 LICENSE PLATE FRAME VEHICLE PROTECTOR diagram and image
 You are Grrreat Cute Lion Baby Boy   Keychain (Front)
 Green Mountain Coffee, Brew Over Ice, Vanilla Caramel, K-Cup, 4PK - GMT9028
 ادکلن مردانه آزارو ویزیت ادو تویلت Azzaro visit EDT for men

◆ ◆ ◆

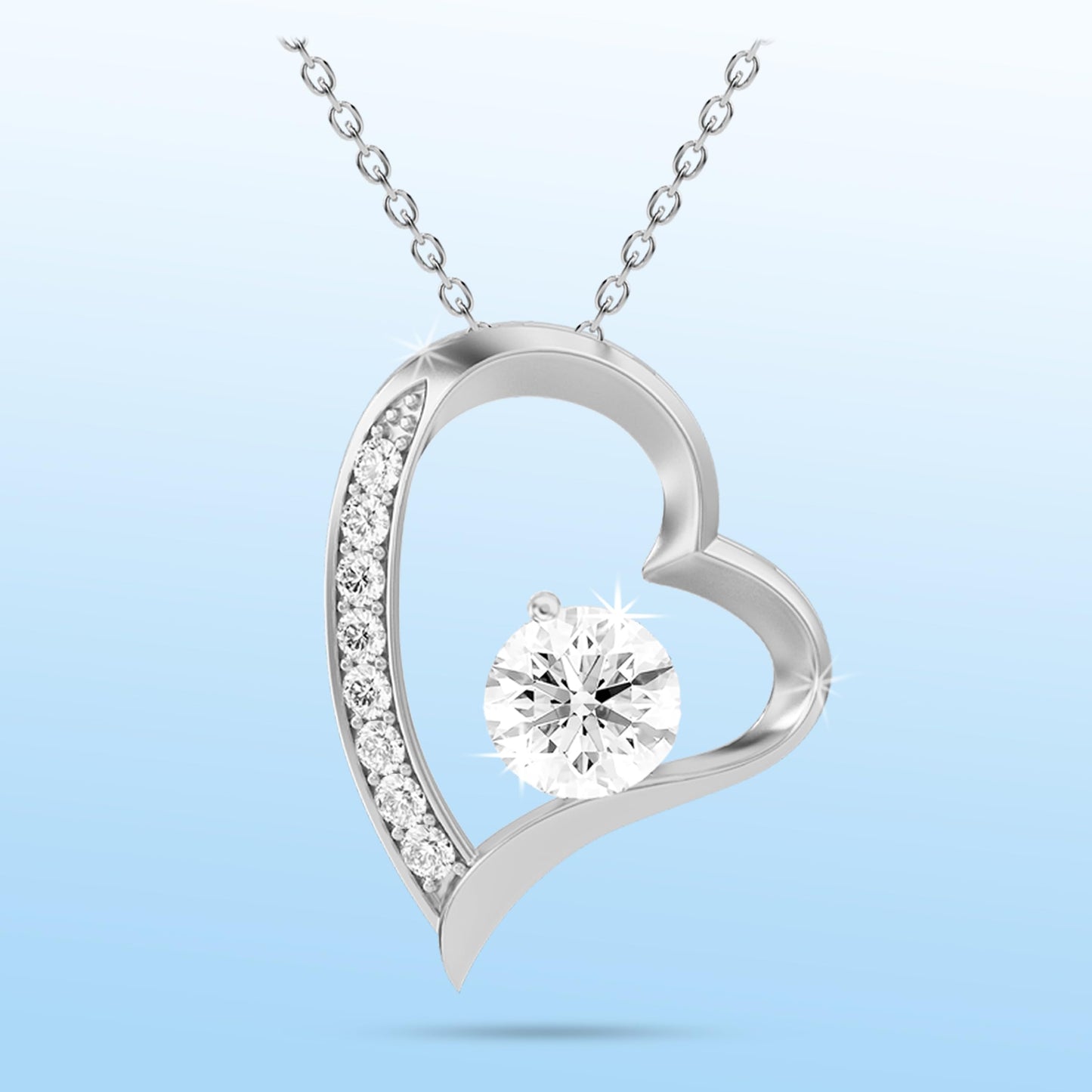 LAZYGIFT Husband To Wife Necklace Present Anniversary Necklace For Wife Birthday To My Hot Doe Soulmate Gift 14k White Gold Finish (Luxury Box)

◆ ◆ ◆

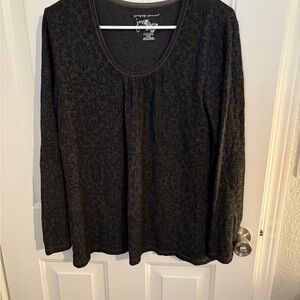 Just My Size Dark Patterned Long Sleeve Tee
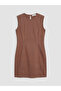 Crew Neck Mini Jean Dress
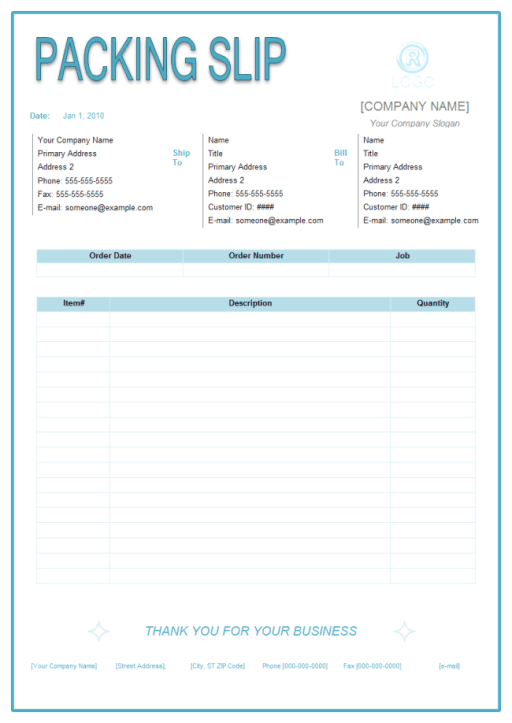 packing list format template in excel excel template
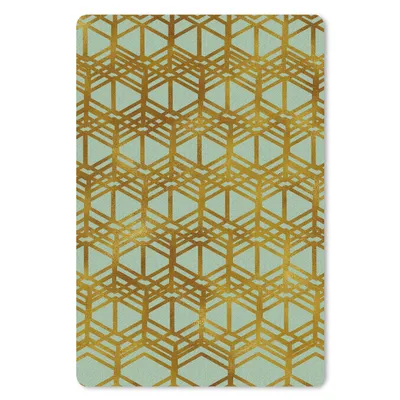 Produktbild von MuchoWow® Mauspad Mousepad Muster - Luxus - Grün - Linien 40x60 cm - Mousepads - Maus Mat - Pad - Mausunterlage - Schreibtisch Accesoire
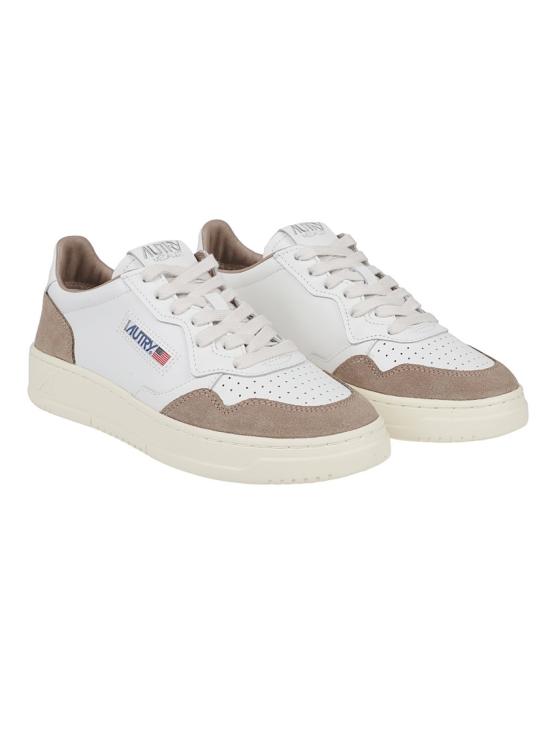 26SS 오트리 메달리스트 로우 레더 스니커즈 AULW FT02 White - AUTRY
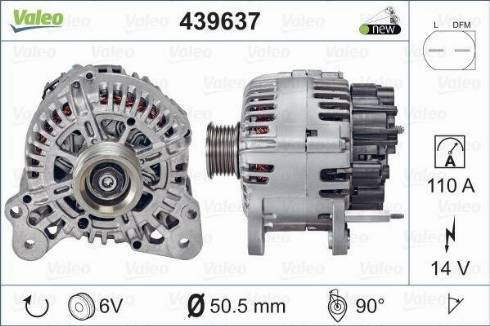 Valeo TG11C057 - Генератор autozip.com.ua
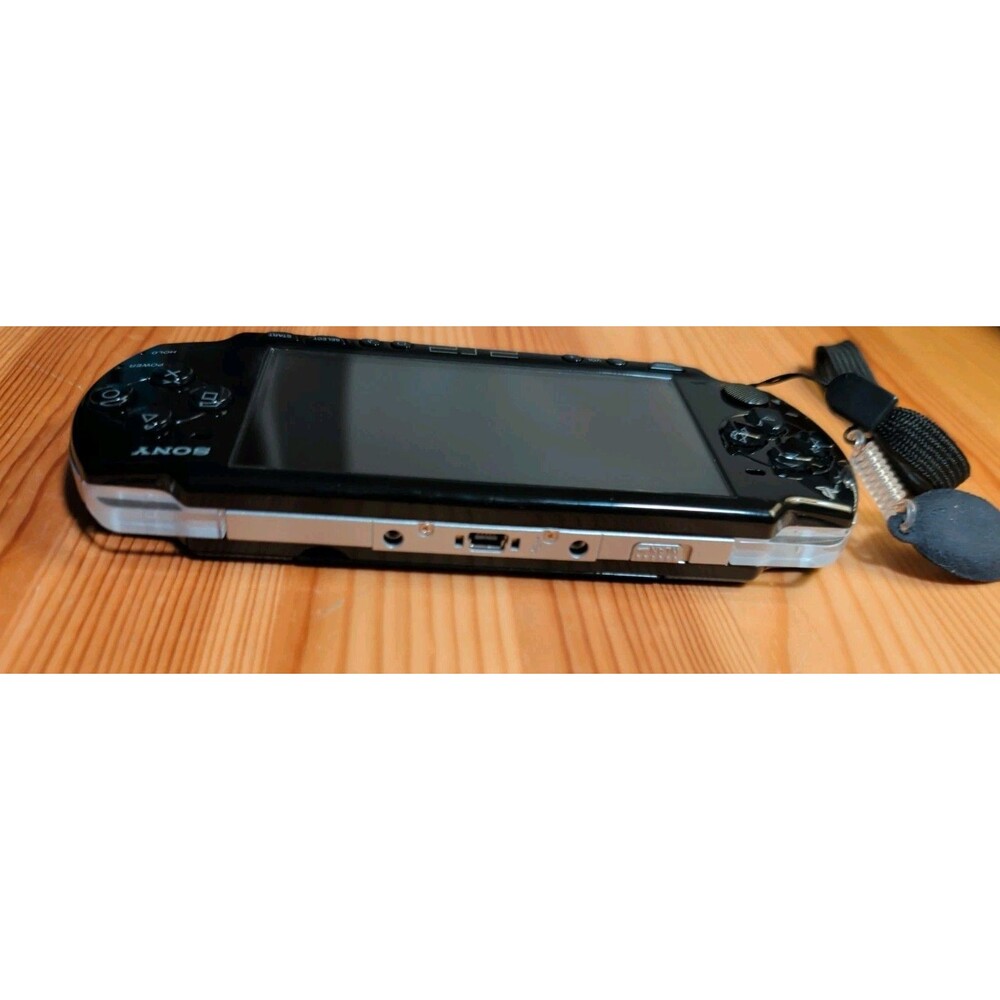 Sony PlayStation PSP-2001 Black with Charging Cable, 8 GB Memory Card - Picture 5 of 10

◆ ◆ ◆

* [What is expected]: Please copy, exactly as written, every line in the listing above from the line with "LICENSE PLATE FRAME" up to and including the line with "ادکلن مردانه آزارو".

* [Response to this exercise]:
 LICENSE PLATE FRAME VEHICLE PROTECTOR diagram and image
 You are Grrreat Cute Lion Baby Boy   Keychain (Front)
 Green Mountain Coffee, Brew Over Ice, Vanilla Caramel, K-Cup, 4PK - GMT9028
 ادکلن مردانه آزارو ویزیت ادو تویلت Azzaro visit EDT for men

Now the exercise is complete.